* What you will do *
What you return must be the full data, repeated verbatim, with no pictures in it.

[Extracted records]
* * * *

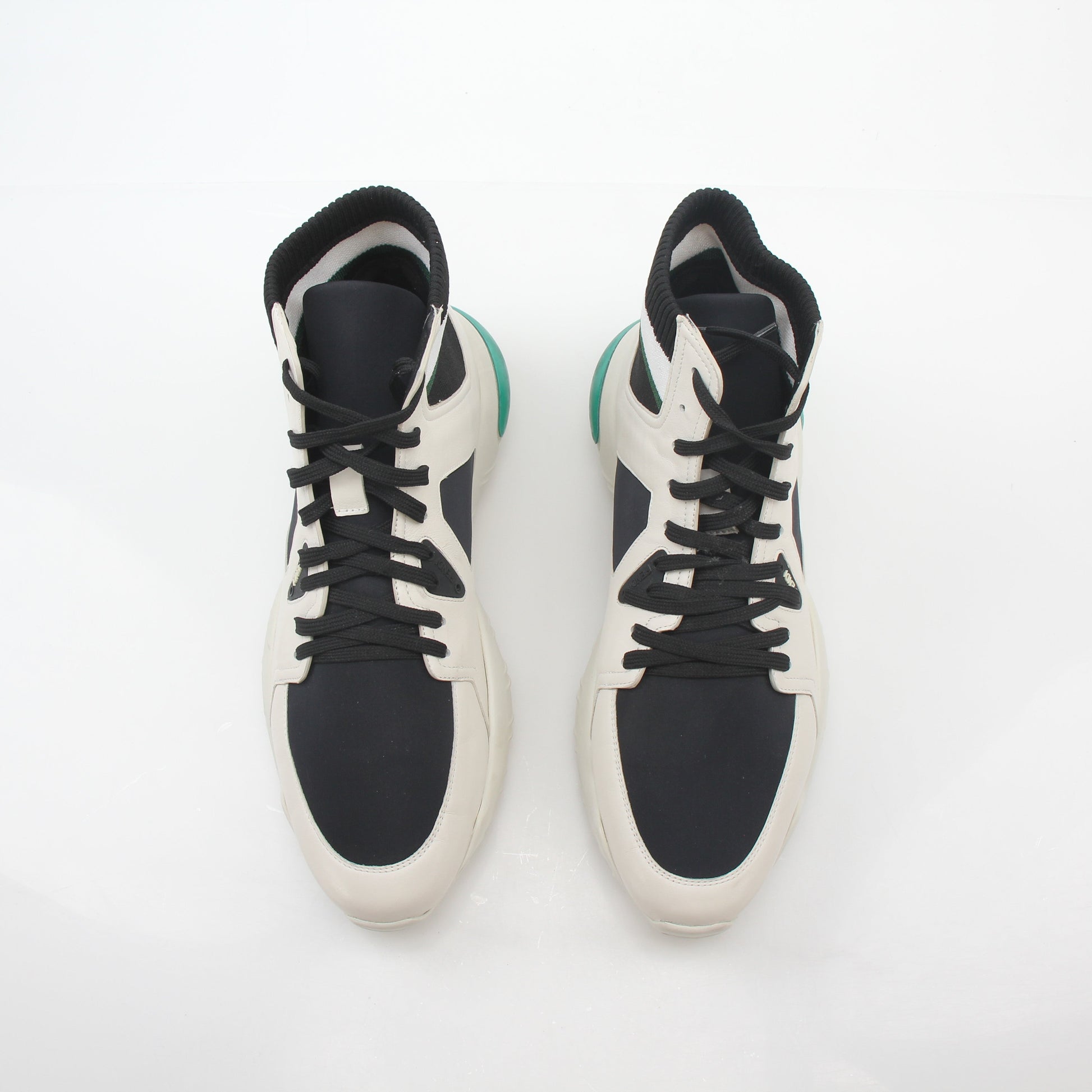 Gold & Beyond Fendi high-top sneakers in white, black, and green with stylish design and detailed branding visible.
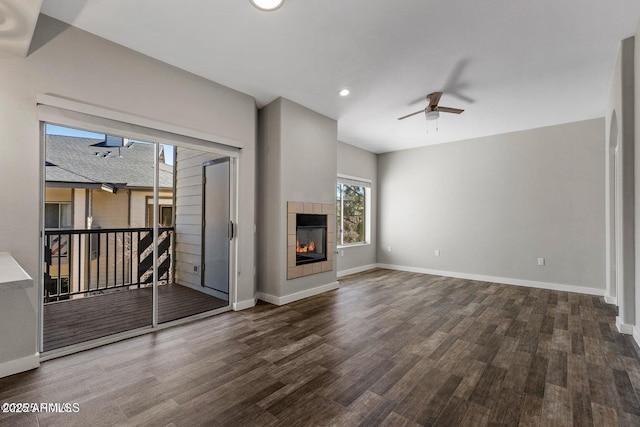 4343 E Soliere Ave Unit 2070, Flagstaff, AZ 86004 - unfurnished living room with baseboards, wood finished floors, recessed lighting, a tiled fireplace, and a ceiling fan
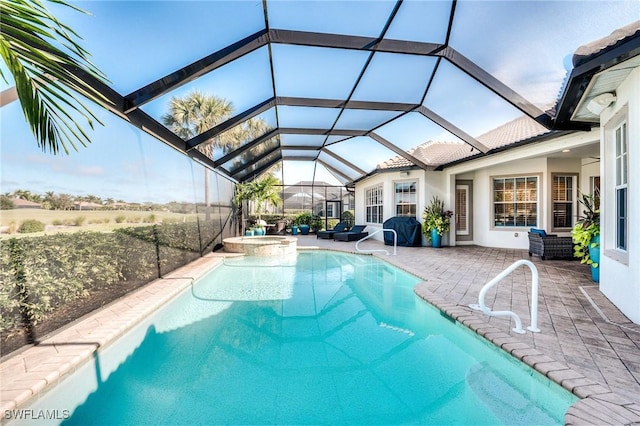 view of pool with an in ground hot tub, a lanai, and a patio area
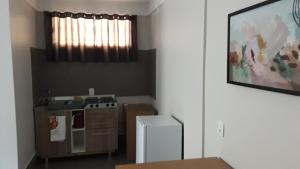 a kitchen with a stove and a white refrigerator at STUDIO CENTRAL IV in Cascavel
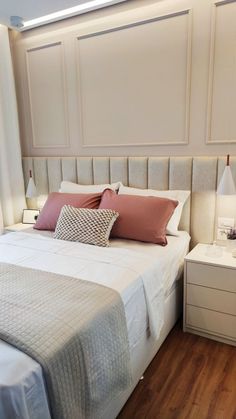 a bedroom with a bed, nightstands and two lamps on either side of the bed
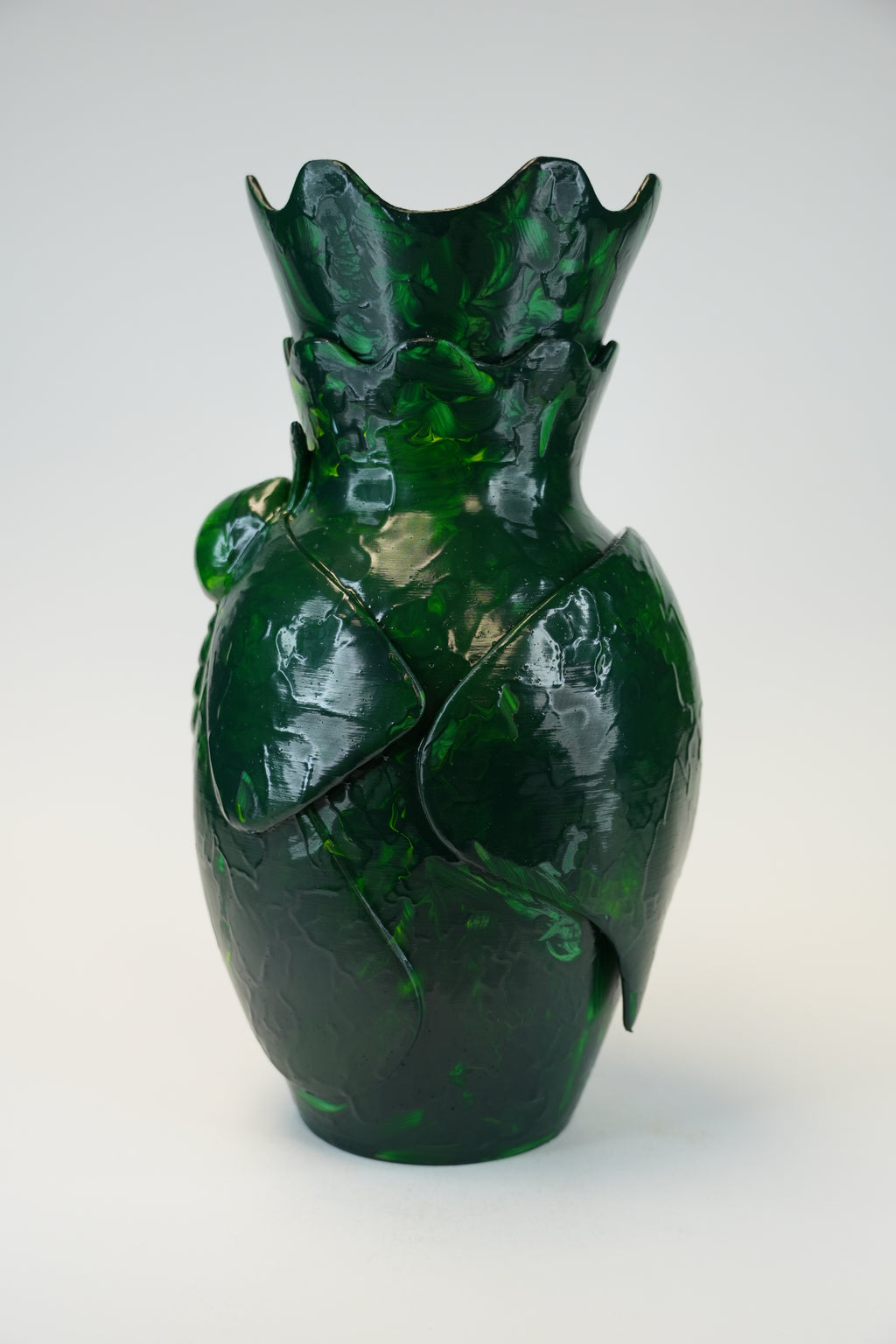 A glossy dark green glass vase with a sculptural, organic leaf-like form and a flared, scalloped rim, photographed against a clean light gray studio background.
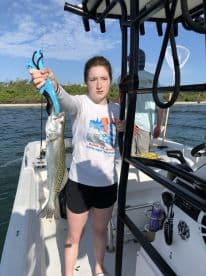 A young angler proudly displaying a Speckled Trout while fishing from a boat in a coastal environment.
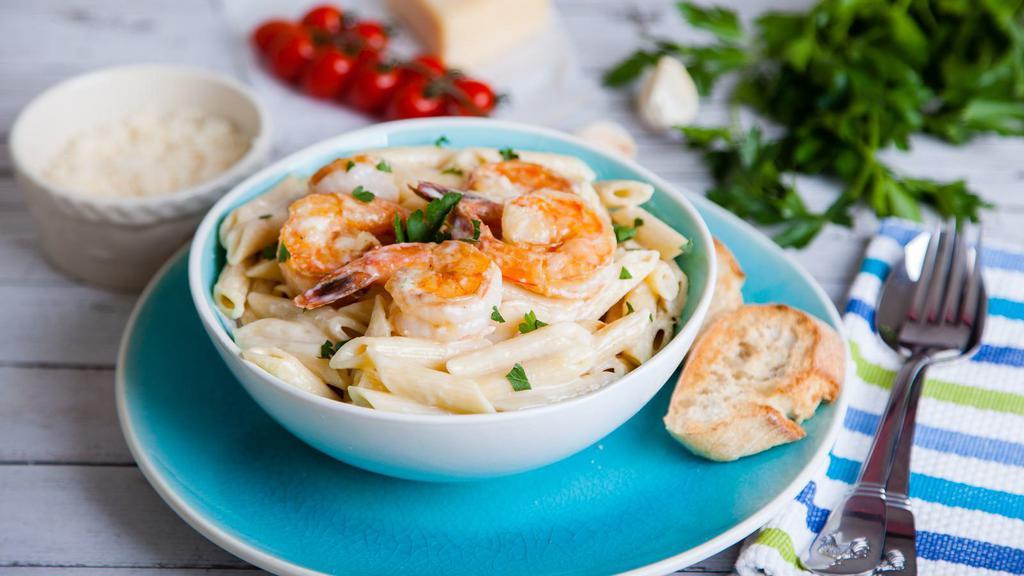 Seafood Pasta · Mouthwatering pasta dish made with customer's preference of pasta, clams, mussels, shrimp, and calamari.
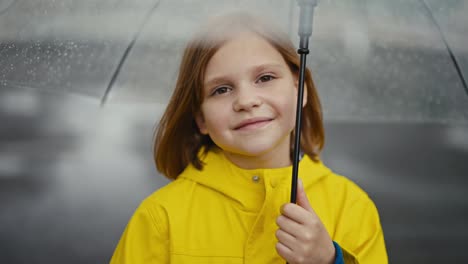 Portrait-of-a-happy-blonde-teenage-girl-in-a-yellow-jacket-holding-a-transparent-umbrella-on-a-walk-after-the-rain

* * * *

* Solution to this problem *
 Gold & Beyond Fendi high-top sneakers in white, black, and green with stylish design and detailed branding visible.
 4343 E Soliere Ave Unit 2070, Flagstaff, AZ 86004 - unfurnished living room with baseboards, wood finished floors, recessed lighting, a tiled fireplace, and a ceiling fan
 view of pool with an in ground hot tub, a lanai, and a patio area
 a kitchen with a stove and a white refrigerator at STUDIO CENTRAL IV in Cascavel
 a bedroom with a bed, nightstands and two lamps on either side of the bed
 A glossy dark green glass vase with a sculptural, organic leaf-like form and a flared, scalloped rim, photographed against a clean light gray studio background.
 A young angler proudly displaying a Speckled Trout while fishing from a boat in a coastal environment.
 Seafood Pasta · Mouthwatering pasta dish made with customer's preference of pasta, clams, mussels, shrimp, and calamari.
 Portrait-of-a-happy-blonde-teenage-girl-in-a-yellow-jacket-holding-a-transparent-umbrella-on-a-walk-after-the-rain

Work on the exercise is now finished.